** TASK INSTRUCTIONS **
Down to the last line, restate the records below word for word, dropping every image.

** RECORDS FOR THIS TASK **
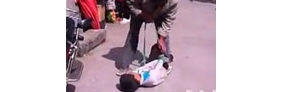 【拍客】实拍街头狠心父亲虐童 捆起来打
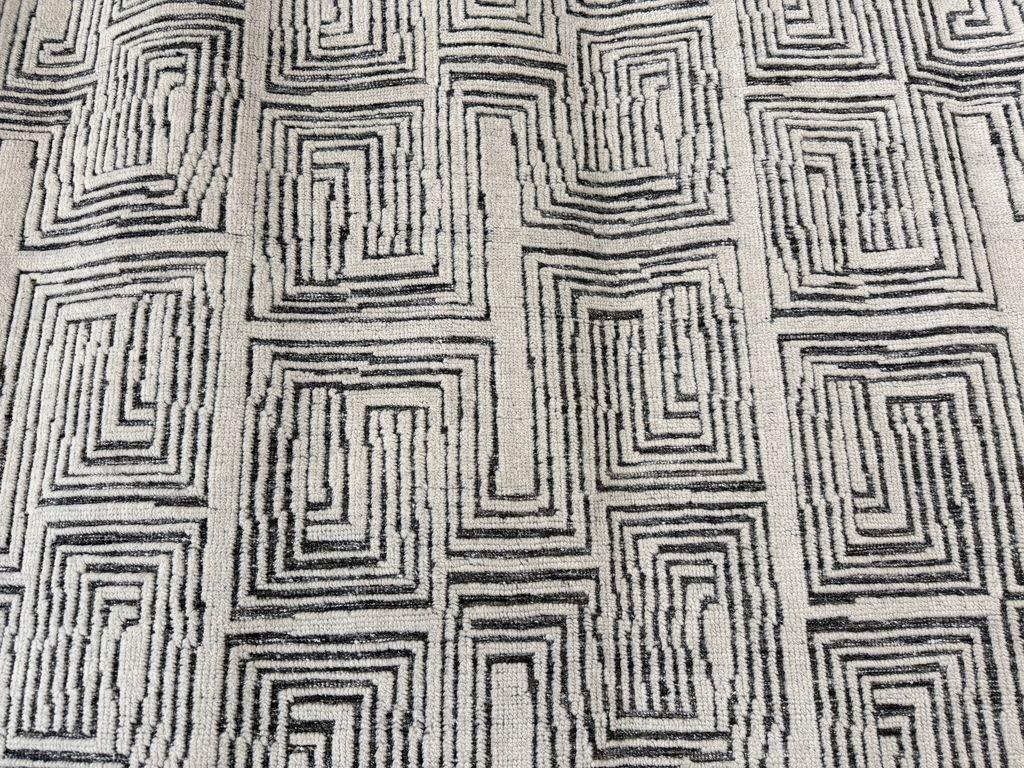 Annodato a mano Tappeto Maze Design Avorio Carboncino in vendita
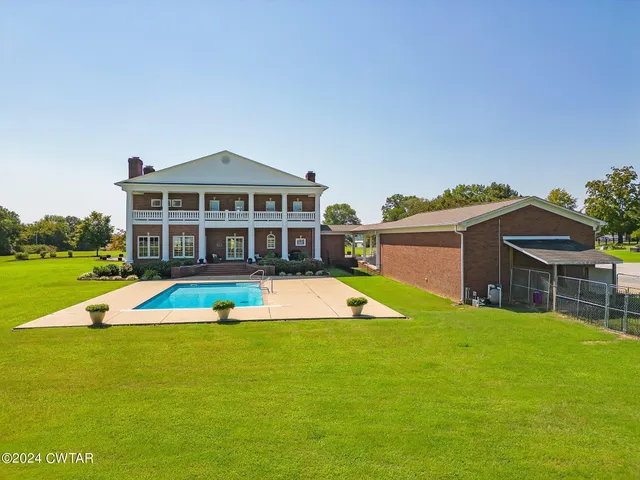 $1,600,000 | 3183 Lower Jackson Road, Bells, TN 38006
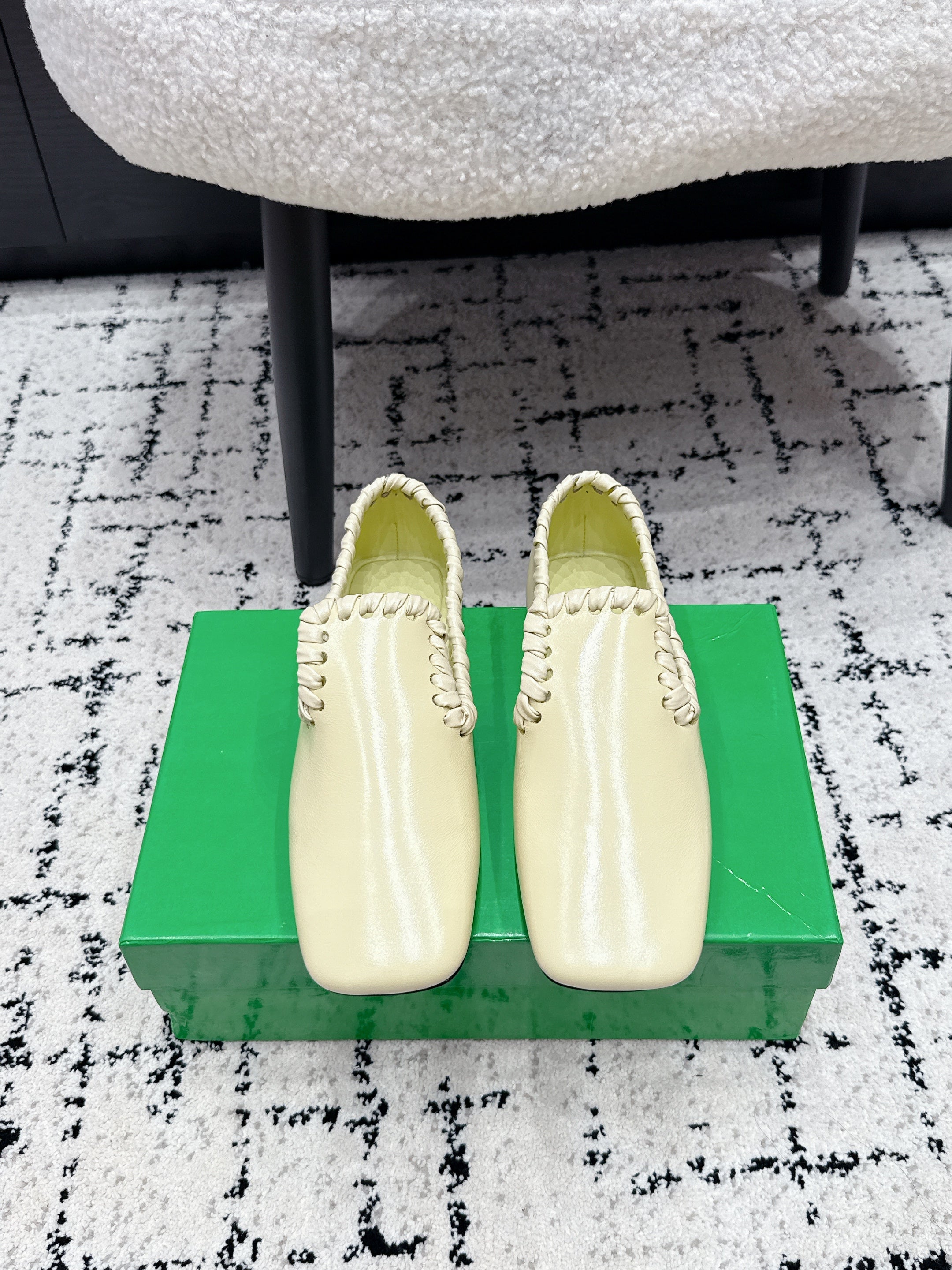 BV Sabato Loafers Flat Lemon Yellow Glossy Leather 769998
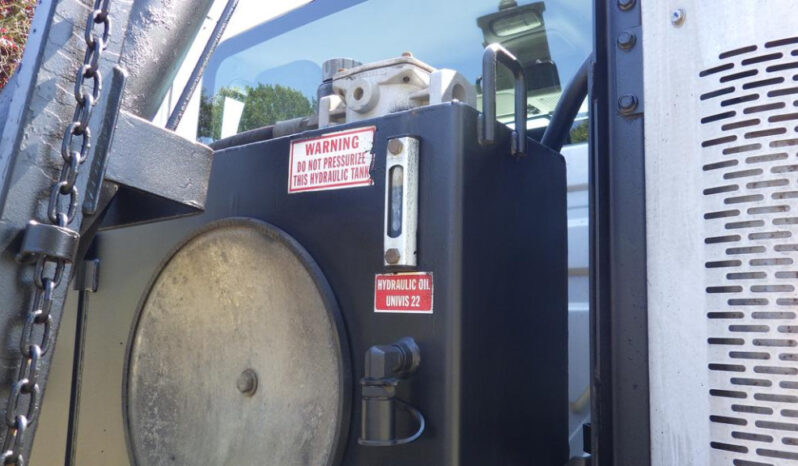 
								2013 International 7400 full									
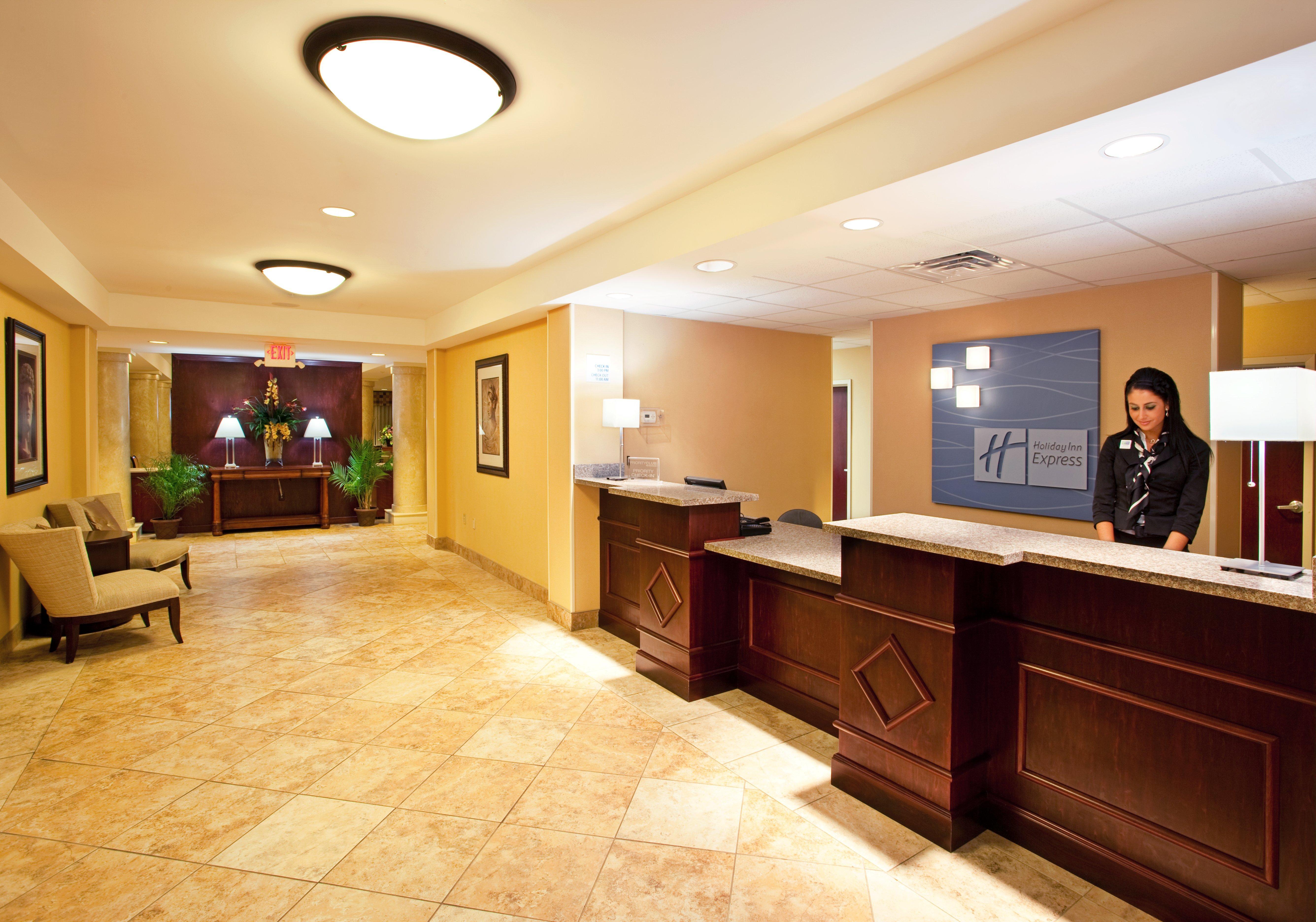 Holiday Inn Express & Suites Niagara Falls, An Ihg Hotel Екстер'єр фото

** SOLVED EXERCISE **
 【拍客】实拍街头狠心父亲虐童 捆起来打
 Annodato a mano Tappeto Maze Design Avorio Carboncino in vendita
 $1,600,000 | 3183 Lower Jackson Road, Bells, TN 38006
 BV Sabato Loafers Flat Lemon Yellow Glossy Leather 769998
								2013 International 7400 full									
 Holiday Inn Express & Suites Niagara Falls, An Ihg Hotel Екстер'єр фото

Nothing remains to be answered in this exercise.